Friday, June 30, 2006
NBI ‘misled’ on cybersex raid
By Karlon N. Rama
Sun.Star Staff Reporter


Law enforcers are trying to wipe out cybersex and online pornography, with agents of the National Bureau of Investigation (NBI) 7 raiding a mall-based software development firm yesterday.

They may have ended up with nothing.

The agents confiscated 10 computer sets from the Ex Web Applications System at the ground floor of a mall, but when a randomly selected unit was made to run in the presence of agents, the firm’s lawyers and some employees, only sexy photos apparently downloaded from an Internet site could be found.

Ex Web officials believe the NBI got fooled into making the raid through bad information fed by former colleagues.

Charito Amores, officer-in-charge of Ex Web, said three colleagues are under investigation upon orders of Ex Web’s Japanese financier for “making a cash cow” out of the company.

The firm’s marketed service is merely to make business software for client-companies in Japan.

‘Just begun’

“The investigation has just begun. We have already interviewed one of the officials involved,” Amores said, adding that the first person called was Ex Web’s manager.

The finance comptroller and an incorporator would have been next, she said. However, since the officials were under NBI custody, the firm decided to tap the bureau to do the probe.

NBI 7 Director Medardo de Lemos clarified that nobody was arrested and that no charges have been filed against any of the employees “invited for questioning” after the raid—Amores, Jose Barte, Renante Entera, Liza Camposano, Francis Tuñacao, Amalia Tate, Bal Fernandez, Harold Kim Cantil and Desiree Ababon.

He said the raid was lawfully done, with agents securing a warrant and taking only those that were specified in the document.

“Our specialists from Manila have yet to inspect (the seized computers) so we don’t know for certain what is inside,” said de Lemos.

Speaking before the Cebu Provincial Board (PB), de Lemos earlier admitted that the local NBI office does not have the capability to handle computer and Internet-related crimes beyond conventional evidence-gathering.

Call to mayors

PB Member Juan Bolo is calling on mayors of Cebu’s 47 towns and five component cities to lead the drive against cyber pornography.

In a resolution he submitted yesterday to the Provincial Secretary’s Office, Bolo said the local chief executives must be vigilant of residents who may be engaged in pornography using the Internet and must initiate action against violators.

Bolo cited reports that private homes are now being used as places not only for cyber pornography, but also for prostitution.

“The sanctity and privacy of our homes must not be made as a convenient excuse for us to engage in highly illegal and immoral acts violating the dignity of our women and justifying the lowly image of our women abroad,” read the draft resolution that Bolo filed.

First hour

The NBI raid was carried out around 10:30 a.m. yesterday, shortly after the mall opened for business.
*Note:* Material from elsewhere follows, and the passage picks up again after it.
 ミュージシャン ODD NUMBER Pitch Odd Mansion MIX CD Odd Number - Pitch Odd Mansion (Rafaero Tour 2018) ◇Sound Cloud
Agents served on Ex Web employees a search warrant, signed by Regional Trial Court Branch 13 Judge Meinrado Paredes.

The warrant accused the company and its people of being “engaged in the advertisement and distribution, through the use of information technology and the Internet (data) that promotes trafficking in persons.”

The warrant said the acts are “in flagrant violation of the (anti-trafficking of women and children) law.”
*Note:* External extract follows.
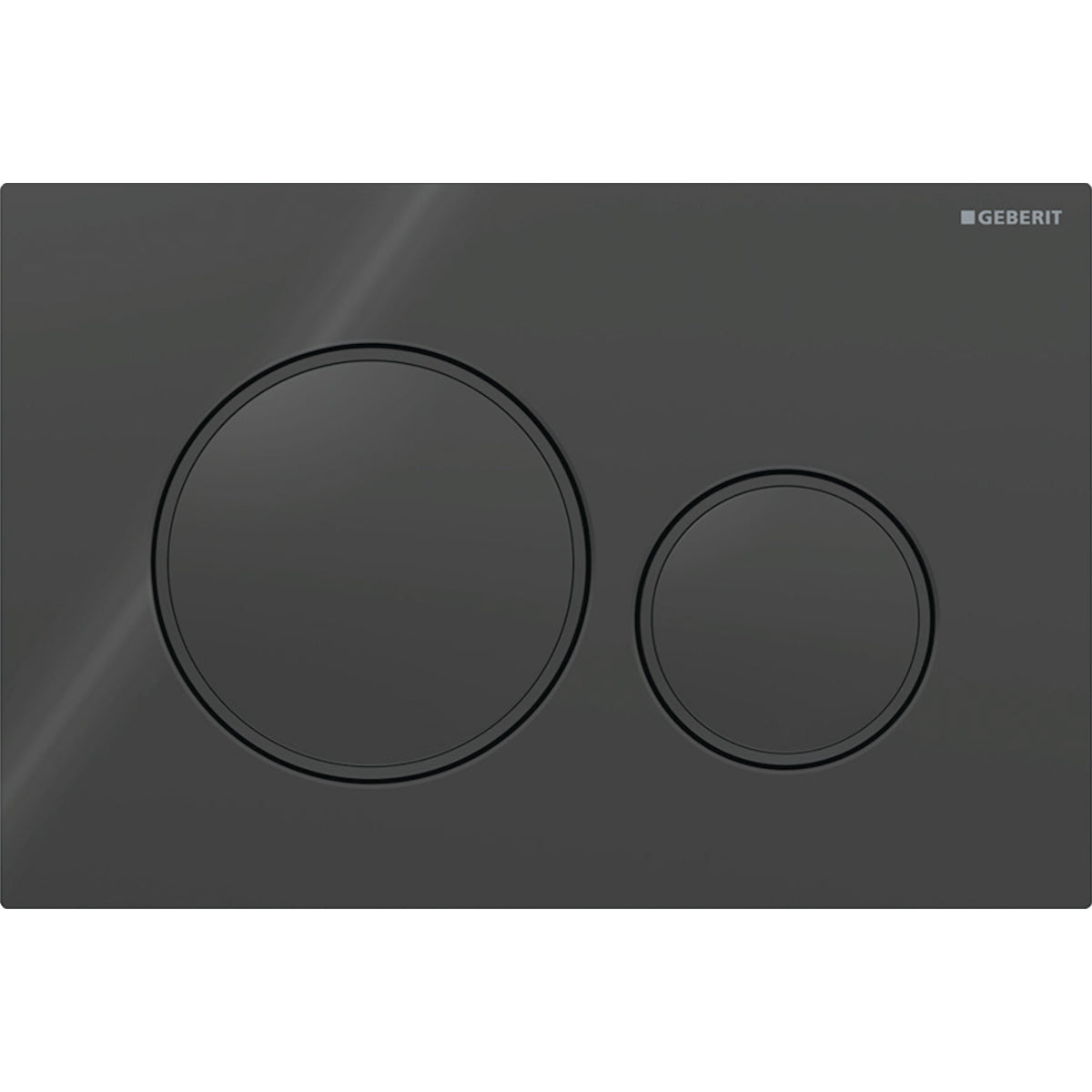 Geberit Sigma30 Kumanda Kapağı, Çift Basmalı, Siyah/Parlak/Siyah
It authorized the NBI raiding team to seize 12 computers, four laptops, two printers, two fax machines, telephone sets, office furniture, including “tables and chairs and booth,” brochures, foreign and domestic currency and documents “used as means in committing the offense.”
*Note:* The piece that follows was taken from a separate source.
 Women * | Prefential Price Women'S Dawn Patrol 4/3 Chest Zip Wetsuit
The raiding team only took the computers, though.

With the way the warrant was phrased, it was expected that the NBI would find software used in uploading large volumes of digital photos, website maintenance tools and databases containing photographs of women available for “clients” and contact information that the “clients” would pay for to obtain.

Instead, there were only photos of naked women downloaded from a website.

“That does not prove that the computer was used in cybersex or online pornography. Anybody who has access to a computer can visit a site and save a posted picture into his own hard disk,” Amores said.

Amores believes former Ex Web officials were behind the raid, pointing out that she has been OIC for less than a month but, in the search warrant, her name appeared as the principal.

Insiders

“Only well-connected insiders could have known such a fact,” she said.

Sun.Star Cebu is withholding the names of the former officials until a case is filed against them.

Ex Web, Amores said, opened in November last year. Its incorporation papers identify Filipino incorporators but the money to run it came from Japan.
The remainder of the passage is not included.